By understanding the difference between Extroverts and Introverts, the nimble project manager is freed from having to push a one-size-fits-all solution on the project team. Functional teams (usually a group of Extroverts) can schedule as many meetings as they want or need to think out loud, while the development team members can sit in their cubes, collaborating when they need to through Web-based discussion threads. Meetings where both groups need to be present (status meetings, etc.) can then be conducted with a middle-ground goal in mind. Less frequency or shorter durations and clearly defined agendas actually tend to keep both groups happy.

The key to this discussion is that a strength and what may appear to be a weakness can be flipsides of the same coin and can be maximized or minimized based on circumstances. A senior VP at an engineering and construction firm brought this message home to me one night at a meeting when he was advising project managers to make sure they included “a fuzzy thinker” on their staff to be successful. In Myers-Briggs language, that translated to the statement “Make sure that you have at least one NP (iNtuitive/Perceiving) on your staff instead of just all those SJs (Sensing/Judging) you normally have.”

Since software projects tend to have a plethora of NPs, it took me a minute to realize that his root advice was to staff at least one or more persons on the project to compensate for the blind spot that all teams naturally seem to have. In software projects, this often translates to making sure that there are QA people (often SJs) who are involved throughout the project and with sufficient status and inclusion to be able to offer their own unique perspective.

Assessing opportunities and threats
The second part of our personal SWOT analysis involves analyzing our opportunities and threats. In the case of the nimble project manager, an opportunity is defined as a working environment where success is possible. A threat is defined as a project where personal failure is probably inevitable. A current mythos circulating in our community suggests that a good PM can manage any type of project. For the nimble project manager, this statement is effectively false, even if it might be literally true in its most narrow construction.
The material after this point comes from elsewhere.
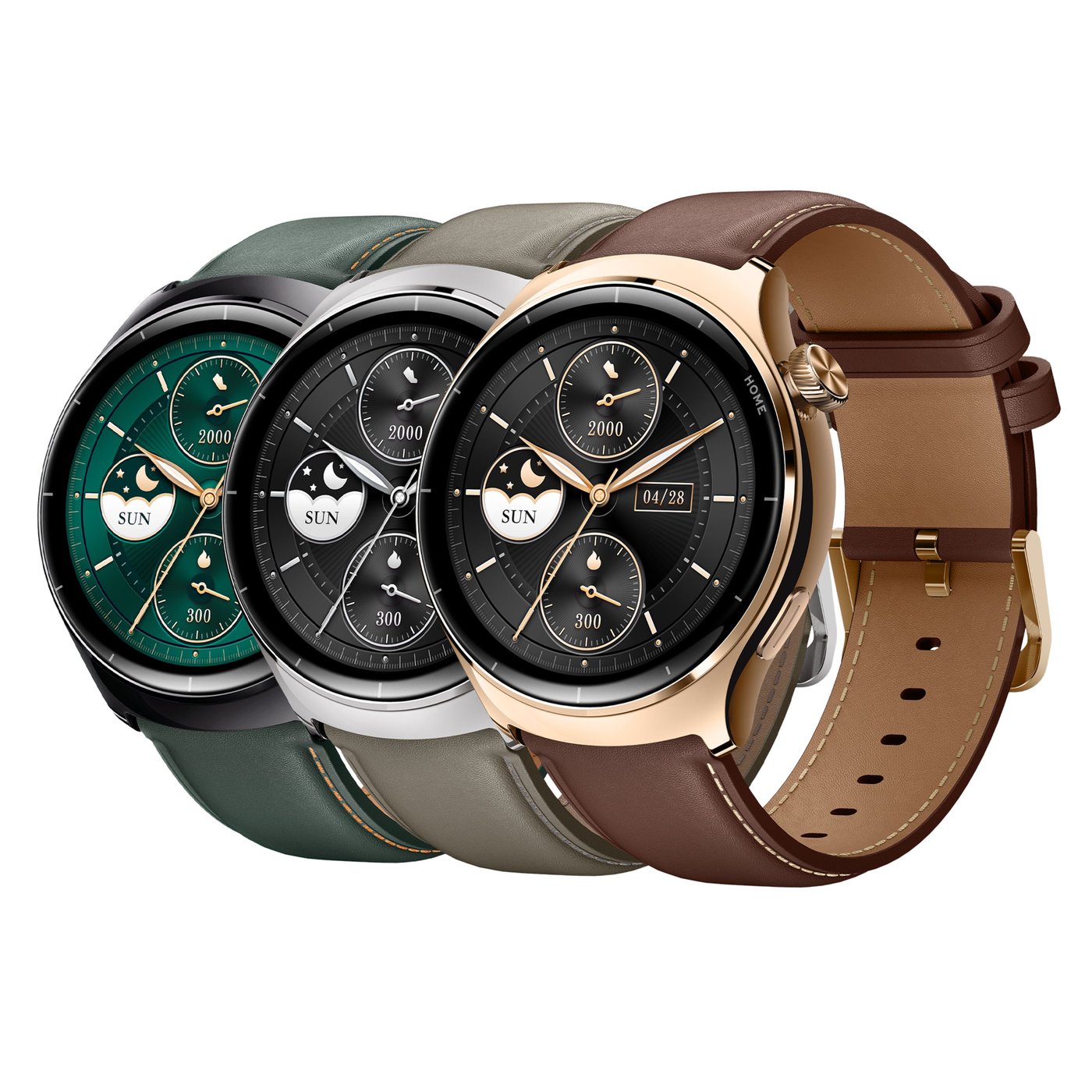 Mibro Watch Lite 3 Pro smartklocka Khakigrått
For example, I’ve learned that I have the highest probability of success with rapid, mission-critical projects, where the desperation factor keeps the political and procedural game-playing at bay. I often end up coming in to turn around projects that are about to fail—or killing the ones that just won’t die. Other project managers I know are outstanding at three-year projects with incredibly complex plans and a team numbering in the hundreds. One of the key components in personal mastery is having the wisdom to recognize where we excel and having the strength of ego to understand that there are times when someone else really can do it better than we can.
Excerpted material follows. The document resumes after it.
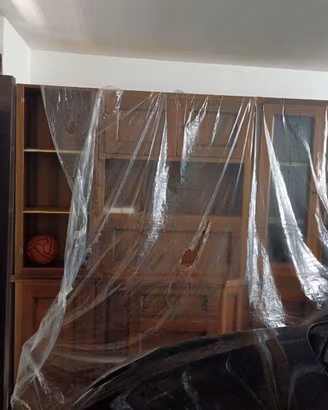 Armadio in legno massello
The concept of personal mastery requires that we look at what we do well and maximize our opportunity to share those skills in the right circumstances. It also demands that we be honest about both our zones of rigidity (our fish-out-of-water circumstances) and our weaknesses, and that we avoid the one and develop compensatory techniques to mitigate the effects of the other.
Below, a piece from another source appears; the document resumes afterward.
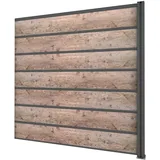 Gutta Sichtschutzelement 194 x 186 cm Anthrazit WPC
It should be obvious to everyone that this discussion of personal mastery has completely avoided focusing on issues such as how to build a better risk plan or complete a more accurate schedule. Personal mastery does include the cultivation of top-notch skills. But the secret of developing those skills involves having the self-knowledge to identify the skills that will naturally make up the nimble PM toolkit and which skills need to be acquired or hired to compensate for blind spots.

Making it happen
Personal mastery isn’t something that’s achieved overnight. But by making the commitment to conduct a personal SWOT and investing the time to gain the language of self description (Myers-Briggs, social styles, enneagram)—as well as by relying on sound PM practices, such as keeping a project journal and doing personal project post-mortems—the required discipline to develop and maintain personal mastery can become second nature for any nimble project manager.